--- Task prompt ---
Restate word for word the lines of the records below, starting at the line that contains "B3 (B3SA3): o" and ending at the line that contains "Traditional House, 2", with both of those lines included and nothing else.

** Opening Exercise data block **

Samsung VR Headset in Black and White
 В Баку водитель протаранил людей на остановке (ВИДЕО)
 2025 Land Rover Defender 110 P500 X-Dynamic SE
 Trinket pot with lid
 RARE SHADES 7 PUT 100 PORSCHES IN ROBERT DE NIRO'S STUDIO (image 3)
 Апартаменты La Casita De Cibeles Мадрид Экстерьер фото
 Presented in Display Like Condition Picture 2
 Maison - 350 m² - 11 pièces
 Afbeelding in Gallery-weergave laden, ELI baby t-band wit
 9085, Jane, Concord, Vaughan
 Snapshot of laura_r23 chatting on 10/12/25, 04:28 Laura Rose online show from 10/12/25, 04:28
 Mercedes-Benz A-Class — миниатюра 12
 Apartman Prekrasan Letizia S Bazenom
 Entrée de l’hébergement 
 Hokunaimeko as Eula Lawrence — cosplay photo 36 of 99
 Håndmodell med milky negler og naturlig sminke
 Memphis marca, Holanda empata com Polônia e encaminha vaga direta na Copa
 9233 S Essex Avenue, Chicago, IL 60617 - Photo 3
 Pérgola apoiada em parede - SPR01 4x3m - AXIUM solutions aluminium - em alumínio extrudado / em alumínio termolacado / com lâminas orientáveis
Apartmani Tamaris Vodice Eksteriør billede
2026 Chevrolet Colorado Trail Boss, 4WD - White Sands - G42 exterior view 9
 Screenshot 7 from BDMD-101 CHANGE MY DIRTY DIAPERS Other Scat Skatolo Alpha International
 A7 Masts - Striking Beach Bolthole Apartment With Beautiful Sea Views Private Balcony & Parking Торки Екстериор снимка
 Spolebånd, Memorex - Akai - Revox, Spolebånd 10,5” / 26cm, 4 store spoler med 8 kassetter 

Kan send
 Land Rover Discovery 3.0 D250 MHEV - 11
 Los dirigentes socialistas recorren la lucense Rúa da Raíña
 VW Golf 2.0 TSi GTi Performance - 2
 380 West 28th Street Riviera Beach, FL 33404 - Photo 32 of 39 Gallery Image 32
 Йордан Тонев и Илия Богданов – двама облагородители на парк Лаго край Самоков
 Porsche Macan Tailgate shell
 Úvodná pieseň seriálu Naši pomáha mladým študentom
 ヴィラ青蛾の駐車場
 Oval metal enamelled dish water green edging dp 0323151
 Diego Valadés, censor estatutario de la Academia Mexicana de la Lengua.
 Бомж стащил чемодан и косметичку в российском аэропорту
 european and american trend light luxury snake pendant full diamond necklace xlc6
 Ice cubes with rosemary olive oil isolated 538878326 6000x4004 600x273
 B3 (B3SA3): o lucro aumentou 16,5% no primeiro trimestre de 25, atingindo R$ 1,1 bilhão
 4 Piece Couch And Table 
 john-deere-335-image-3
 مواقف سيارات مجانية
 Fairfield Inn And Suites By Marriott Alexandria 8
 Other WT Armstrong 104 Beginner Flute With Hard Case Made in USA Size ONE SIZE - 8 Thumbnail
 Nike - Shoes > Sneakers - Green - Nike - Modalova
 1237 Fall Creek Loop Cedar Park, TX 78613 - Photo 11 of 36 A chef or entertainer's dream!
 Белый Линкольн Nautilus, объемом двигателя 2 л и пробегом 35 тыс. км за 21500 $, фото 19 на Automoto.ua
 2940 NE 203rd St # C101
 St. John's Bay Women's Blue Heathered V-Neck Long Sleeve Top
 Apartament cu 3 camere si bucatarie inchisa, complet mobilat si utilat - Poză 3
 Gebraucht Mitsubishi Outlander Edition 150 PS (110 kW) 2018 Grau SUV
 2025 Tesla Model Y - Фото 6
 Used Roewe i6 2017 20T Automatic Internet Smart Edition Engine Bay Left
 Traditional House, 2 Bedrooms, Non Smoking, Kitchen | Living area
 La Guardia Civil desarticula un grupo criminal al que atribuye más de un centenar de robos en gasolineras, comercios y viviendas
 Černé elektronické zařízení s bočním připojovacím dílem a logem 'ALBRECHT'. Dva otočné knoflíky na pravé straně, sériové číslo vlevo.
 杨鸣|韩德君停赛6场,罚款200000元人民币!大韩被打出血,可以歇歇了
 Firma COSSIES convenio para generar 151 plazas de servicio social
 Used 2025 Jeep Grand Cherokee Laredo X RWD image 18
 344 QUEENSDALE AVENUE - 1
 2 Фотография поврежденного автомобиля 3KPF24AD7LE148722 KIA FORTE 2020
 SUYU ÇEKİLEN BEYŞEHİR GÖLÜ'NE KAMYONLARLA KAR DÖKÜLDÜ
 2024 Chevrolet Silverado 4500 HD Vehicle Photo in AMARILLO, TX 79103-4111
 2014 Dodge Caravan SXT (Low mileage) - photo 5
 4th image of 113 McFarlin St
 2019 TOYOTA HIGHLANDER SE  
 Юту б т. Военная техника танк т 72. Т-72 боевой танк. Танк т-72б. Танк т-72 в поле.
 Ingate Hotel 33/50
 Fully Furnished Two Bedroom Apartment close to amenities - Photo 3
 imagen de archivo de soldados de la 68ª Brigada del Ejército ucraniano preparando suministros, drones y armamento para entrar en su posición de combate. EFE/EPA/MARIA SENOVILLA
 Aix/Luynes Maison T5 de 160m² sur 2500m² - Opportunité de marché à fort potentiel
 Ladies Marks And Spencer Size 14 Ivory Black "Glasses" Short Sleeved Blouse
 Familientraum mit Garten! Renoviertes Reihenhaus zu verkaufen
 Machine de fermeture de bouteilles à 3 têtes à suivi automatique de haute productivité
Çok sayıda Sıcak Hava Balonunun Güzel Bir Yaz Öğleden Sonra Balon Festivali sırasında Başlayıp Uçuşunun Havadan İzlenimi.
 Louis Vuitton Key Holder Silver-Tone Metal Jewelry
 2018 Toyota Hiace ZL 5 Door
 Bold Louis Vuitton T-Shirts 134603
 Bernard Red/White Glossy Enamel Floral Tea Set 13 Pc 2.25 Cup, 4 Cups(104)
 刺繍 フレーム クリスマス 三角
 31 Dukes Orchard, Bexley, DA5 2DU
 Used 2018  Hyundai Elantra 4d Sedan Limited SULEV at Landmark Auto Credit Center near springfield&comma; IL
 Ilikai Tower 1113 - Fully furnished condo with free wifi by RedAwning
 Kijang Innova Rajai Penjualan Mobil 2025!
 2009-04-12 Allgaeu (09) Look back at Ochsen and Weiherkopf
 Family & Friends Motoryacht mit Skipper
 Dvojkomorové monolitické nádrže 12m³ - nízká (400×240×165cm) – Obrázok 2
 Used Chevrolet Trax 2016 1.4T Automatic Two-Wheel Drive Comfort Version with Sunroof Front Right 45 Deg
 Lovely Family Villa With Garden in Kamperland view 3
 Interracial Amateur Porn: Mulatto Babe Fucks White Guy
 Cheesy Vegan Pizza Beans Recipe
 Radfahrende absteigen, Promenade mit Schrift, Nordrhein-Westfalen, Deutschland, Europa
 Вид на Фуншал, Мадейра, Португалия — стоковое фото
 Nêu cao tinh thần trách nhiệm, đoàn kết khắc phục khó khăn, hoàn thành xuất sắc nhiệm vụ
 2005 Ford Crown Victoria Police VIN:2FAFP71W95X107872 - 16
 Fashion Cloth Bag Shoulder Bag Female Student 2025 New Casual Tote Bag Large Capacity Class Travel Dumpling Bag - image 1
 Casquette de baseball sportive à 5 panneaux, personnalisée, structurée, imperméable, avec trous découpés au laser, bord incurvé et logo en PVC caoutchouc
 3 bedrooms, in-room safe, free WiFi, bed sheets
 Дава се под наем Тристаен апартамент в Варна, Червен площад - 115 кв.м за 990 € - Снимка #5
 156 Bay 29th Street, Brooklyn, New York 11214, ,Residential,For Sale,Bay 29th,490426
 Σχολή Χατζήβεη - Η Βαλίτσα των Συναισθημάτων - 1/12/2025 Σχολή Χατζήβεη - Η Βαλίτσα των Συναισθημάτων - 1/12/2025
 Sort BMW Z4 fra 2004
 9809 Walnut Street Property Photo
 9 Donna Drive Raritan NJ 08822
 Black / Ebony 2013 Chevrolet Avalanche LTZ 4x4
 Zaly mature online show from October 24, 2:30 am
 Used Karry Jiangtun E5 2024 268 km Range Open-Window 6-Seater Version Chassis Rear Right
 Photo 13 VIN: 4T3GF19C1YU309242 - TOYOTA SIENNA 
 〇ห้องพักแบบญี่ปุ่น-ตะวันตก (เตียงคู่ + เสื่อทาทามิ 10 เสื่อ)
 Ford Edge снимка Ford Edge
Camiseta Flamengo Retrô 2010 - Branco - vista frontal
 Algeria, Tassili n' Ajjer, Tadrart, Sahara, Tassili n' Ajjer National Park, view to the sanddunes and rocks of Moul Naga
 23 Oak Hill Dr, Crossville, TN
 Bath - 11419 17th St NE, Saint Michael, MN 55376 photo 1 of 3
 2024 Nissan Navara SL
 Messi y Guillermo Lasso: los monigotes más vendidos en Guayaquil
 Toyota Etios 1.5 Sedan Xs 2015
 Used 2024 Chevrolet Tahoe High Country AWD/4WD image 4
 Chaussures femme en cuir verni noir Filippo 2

** Closing Exercise data block **

--- Result ---
 B3 (B3SA3): o lucro aumentou 16,5% no primeiro trimestre de 25, atingindo R$ 1,1 bilhão
 4 Piece Couch And Table 
 john-deere-335-image-3
 مواقف سيارات مجانية
 Fairfield Inn And Suites By Marriott Alexandria 8
 Other WT Armstrong 104 Beginner Flute With Hard Case Made in USA Size ONE SIZE - 8 Thumbnail
 Nike - Shoes > Sneakers - Green - Nike - Modalova
 1237 Fall Creek Loop Cedar Park, TX 78613 - Photo 11 of 36 A chef or entertainer's dream!
 Белый Линкольн Nautilus, объемом двигателя 2 л и пробегом 35 тыс. км за 21500 $, фото 19 на Automoto.ua
 2940 NE 203rd St # C101
 St. John's Bay Women's Blue Heathered V-Neck Long Sleeve Top
 Apartament cu 3 camere si bucatarie inchisa, complet mobilat si utilat - Poză 3
 Gebraucht Mitsubishi Outlander Edition 150 PS (110 kW) 2018 Grau SUV
 2025 Tesla Model Y - Фото 6
 Used Roewe i6 2017 20T Automatic Internet Smart Edition Engine Bay Left
 Traditional House, 2 Bedrooms, Non Smoking, Kitchen | Living area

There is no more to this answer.